### EXERCISE INSTRUCTIONS
Only one stretch of the data below is wanted: the lines starting at the one with "Nico Riera y" and ending at the one with "Certified 2023 Volkswagen", both included, given again exactly.

### Web page caption snippets
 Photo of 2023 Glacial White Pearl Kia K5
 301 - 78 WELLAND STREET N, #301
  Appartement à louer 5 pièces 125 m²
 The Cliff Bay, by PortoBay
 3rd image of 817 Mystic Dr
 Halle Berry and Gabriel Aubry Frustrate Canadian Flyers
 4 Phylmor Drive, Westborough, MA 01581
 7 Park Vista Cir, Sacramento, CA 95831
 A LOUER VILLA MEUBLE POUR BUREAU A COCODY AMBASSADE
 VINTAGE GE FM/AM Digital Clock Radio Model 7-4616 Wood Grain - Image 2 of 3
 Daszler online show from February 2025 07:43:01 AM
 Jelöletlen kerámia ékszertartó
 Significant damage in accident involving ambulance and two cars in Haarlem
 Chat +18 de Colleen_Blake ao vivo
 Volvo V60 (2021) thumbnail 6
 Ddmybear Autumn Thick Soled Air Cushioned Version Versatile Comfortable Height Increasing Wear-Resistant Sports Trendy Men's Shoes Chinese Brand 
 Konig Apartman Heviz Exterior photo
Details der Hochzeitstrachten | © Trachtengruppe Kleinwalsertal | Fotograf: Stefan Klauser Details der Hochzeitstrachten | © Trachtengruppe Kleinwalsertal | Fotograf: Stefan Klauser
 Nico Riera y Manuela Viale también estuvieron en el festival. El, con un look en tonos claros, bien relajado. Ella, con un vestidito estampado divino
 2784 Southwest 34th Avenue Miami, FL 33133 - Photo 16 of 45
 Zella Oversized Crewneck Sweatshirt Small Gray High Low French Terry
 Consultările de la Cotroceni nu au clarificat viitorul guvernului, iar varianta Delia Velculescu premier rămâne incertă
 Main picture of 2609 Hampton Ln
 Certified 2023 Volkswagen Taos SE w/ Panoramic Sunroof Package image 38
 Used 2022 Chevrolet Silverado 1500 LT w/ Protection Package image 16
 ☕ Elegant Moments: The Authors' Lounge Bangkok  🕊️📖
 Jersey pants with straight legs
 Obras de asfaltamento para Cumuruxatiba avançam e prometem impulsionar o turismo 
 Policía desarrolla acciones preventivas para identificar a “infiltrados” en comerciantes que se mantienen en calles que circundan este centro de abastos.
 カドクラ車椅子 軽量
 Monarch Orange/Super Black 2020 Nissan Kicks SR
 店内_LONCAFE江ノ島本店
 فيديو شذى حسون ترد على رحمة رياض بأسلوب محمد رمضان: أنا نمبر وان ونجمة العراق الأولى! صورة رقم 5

### EXERCISE SOLUTION
 Nico Riera y Manuela Viale también estuvieron en el festival. El, con un look en tonos claros, bien relajado. Ella, con un vestidito estampado divino
 2784 Southwest 34th Avenue Miami, FL 33133 - Photo 16 of 45
 Zella Oversized Crewneck Sweatshirt Small Gray High Low French Terry
 Consultările de la Cotroceni nu au clarificat viitorul guvernului, iar varianta Delia Velculescu premier rămâne incertă
 Main picture of 2609 Hampton Ln
 Certified 2023 Volkswagen Taos SE w/ Panoramic Sunroof Package image 38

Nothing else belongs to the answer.